Walk Across Lexington
Sunday, October 20 from 9:30am-12:30pm
Take a walk on the second section of the new ACROSS Lexington trail system. ACROSS Lexington (Accessing Conservation land, Recreation areas, Open space, Schools and Streets in Lexington) will eventually consist of 40 miles of well marked walking, jogging and off-road biking routes connecting all of Lexington. This will be the inaugural walk on a wonderful new 4.5-mile route that will traverse several conservation areas, recreation areas and school property.
The route will consist of: Clarke Street, Lincoln Field, Bridge School, the Old Res, Marrett Road, a residential neighborhood, Clarke School, Dunback Meadow, Cotton Farm, Upper Vine Brook, Highland Avenue and back to town along the bikeway. 
This is a wonderful way to socialize on a quiet Sunday morning and meet people in Lexington that you may not know. Everyone will learn (and share) some Lexington history and interesting town facts and you'll get some excellent exercise. 
Severe inclement weather will cancel the walk. Meet at the rear of the Depot in Lexington Center.

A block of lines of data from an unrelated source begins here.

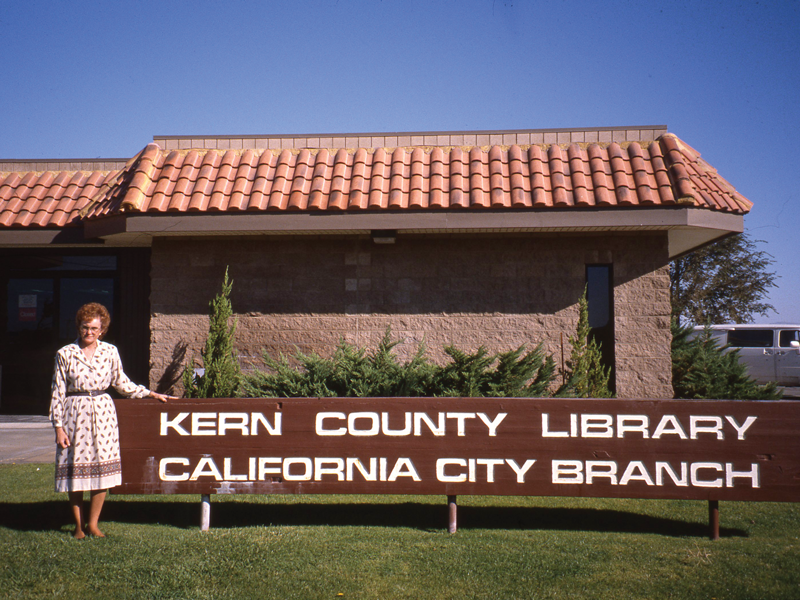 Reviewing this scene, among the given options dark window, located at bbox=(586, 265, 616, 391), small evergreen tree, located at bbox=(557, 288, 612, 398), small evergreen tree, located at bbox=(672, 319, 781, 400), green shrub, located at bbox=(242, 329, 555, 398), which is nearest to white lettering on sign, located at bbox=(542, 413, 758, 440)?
green shrub, located at bbox=(242, 329, 555, 398)

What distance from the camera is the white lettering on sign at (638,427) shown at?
4680 mm

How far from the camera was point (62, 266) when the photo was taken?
11164mm

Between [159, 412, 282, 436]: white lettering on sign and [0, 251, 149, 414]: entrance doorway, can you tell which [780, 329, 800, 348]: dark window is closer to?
[159, 412, 282, 436]: white lettering on sign

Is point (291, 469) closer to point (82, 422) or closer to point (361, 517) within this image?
point (361, 517)

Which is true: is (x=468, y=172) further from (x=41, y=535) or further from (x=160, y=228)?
(x=41, y=535)

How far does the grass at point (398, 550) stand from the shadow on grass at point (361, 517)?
2 centimetres

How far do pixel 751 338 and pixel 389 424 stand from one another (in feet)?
53.9

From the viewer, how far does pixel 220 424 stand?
4.85m

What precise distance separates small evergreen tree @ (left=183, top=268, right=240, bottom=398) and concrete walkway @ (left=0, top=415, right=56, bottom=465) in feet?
6.30

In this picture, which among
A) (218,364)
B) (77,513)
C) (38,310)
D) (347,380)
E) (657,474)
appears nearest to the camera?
(77,513)

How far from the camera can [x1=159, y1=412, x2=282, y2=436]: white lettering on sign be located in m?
4.84

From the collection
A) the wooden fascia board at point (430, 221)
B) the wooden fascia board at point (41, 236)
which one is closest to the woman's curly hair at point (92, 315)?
the wooden fascia board at point (430, 221)

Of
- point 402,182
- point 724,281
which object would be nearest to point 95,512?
point 402,182

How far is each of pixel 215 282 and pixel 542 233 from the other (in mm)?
4758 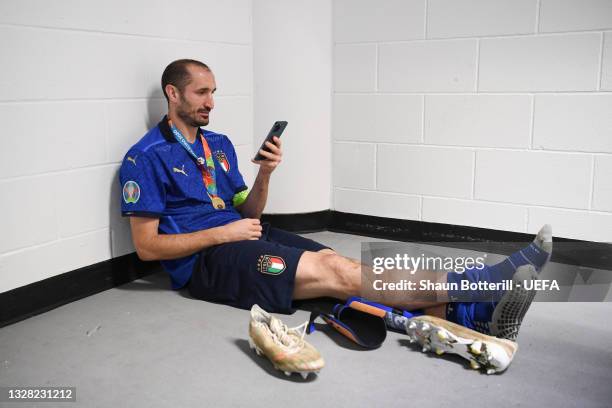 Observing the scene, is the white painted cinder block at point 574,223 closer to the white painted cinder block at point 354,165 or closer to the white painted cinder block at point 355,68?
the white painted cinder block at point 354,165

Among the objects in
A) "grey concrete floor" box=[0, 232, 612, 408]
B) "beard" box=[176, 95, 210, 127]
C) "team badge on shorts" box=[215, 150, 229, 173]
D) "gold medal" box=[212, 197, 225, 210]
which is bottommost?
"grey concrete floor" box=[0, 232, 612, 408]

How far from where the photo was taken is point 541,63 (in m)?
3.09

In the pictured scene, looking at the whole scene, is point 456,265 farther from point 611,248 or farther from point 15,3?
point 15,3

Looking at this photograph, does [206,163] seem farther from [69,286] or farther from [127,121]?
[69,286]

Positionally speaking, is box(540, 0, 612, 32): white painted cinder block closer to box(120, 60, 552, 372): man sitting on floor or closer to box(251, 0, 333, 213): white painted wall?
box(251, 0, 333, 213): white painted wall

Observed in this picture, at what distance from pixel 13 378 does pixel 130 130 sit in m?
1.23

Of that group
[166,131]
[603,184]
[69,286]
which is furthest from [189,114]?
[603,184]

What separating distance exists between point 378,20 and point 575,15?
3.36ft

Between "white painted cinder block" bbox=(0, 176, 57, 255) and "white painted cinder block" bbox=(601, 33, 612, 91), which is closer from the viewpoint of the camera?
"white painted cinder block" bbox=(0, 176, 57, 255)

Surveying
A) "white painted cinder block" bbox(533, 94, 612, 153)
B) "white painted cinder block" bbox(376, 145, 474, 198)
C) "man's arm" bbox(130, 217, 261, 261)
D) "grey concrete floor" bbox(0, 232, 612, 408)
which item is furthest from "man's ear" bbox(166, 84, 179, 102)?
"white painted cinder block" bbox(533, 94, 612, 153)

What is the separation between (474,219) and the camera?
3400 millimetres

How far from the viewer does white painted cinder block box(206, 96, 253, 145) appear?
3335 millimetres

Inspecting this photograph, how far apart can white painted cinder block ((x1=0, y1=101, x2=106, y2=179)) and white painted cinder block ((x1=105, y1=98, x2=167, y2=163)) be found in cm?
5

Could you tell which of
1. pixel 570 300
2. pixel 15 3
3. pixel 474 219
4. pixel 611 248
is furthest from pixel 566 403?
pixel 15 3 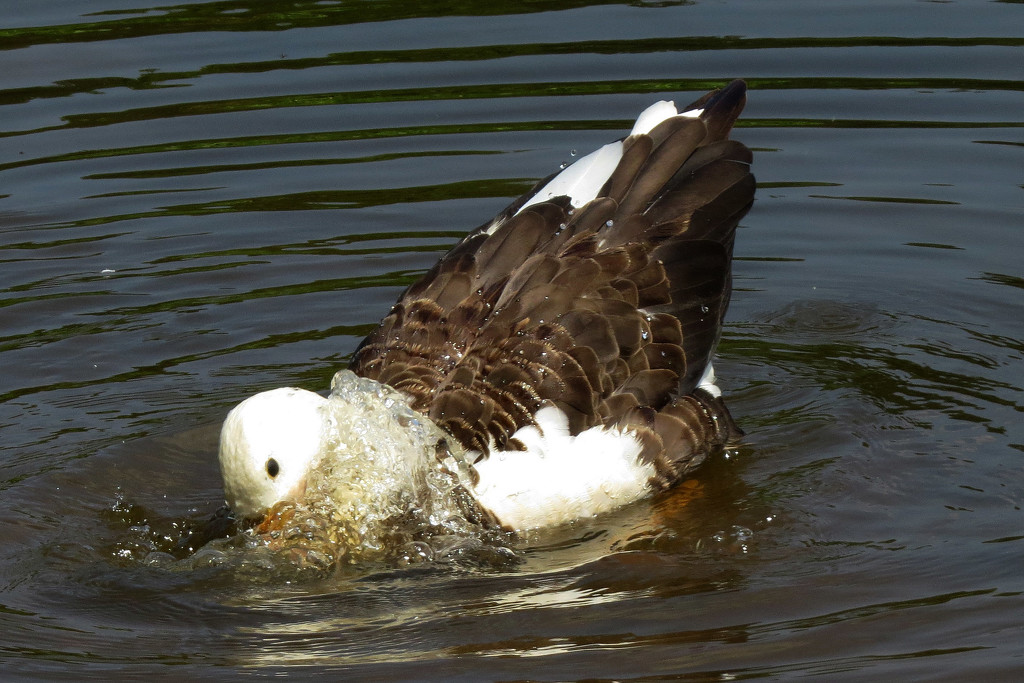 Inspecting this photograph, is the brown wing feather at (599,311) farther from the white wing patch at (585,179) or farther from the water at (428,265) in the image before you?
the water at (428,265)

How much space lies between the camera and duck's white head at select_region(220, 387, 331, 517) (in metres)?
6.05

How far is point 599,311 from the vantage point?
6922mm

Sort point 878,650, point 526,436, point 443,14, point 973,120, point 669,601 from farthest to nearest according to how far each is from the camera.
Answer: point 443,14 → point 973,120 → point 526,436 → point 669,601 → point 878,650

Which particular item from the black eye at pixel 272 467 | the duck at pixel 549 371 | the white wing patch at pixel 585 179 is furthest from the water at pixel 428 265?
the white wing patch at pixel 585 179

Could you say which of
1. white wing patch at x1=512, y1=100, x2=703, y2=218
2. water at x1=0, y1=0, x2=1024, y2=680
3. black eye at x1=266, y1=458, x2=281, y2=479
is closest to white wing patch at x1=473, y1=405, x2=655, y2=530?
water at x1=0, y1=0, x2=1024, y2=680

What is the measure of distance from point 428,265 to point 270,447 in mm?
3712

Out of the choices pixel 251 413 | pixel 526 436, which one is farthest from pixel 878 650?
pixel 251 413

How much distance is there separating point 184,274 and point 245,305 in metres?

Contact: Walk Leader: Rick Abrams   339-927-4345

Halloween Walk through the Old Burying Ground
Saturday, October 26 from 6:30-8:00pm
Start at the Depot Building and march to fifes and drums into the Old Burying Ground to meet Colonials of the past who will tell you their story. Good for children 5 and up. Advance reservations and tickets available by contacting the Historical Society. Visit their website at
Location: Lexington Depot Building. Contact: Lexington Historical Society   781-862-1703

Post Thanksgiving Holiday Walk
Saturday, November 30 from 1:00-3:00pm
Work off some of those Thanksgiving calories with CLC's First Annual Post Thanksgiving Walk. We will explore Whipple Hill and the new trail improvement structures built this past summer.
Wear sturdy hiking boots and bring a walking stick if you have one, as trails are steep. 
Heavy rain or snow cancels the walk. Meet at the Winchester Drive entrance.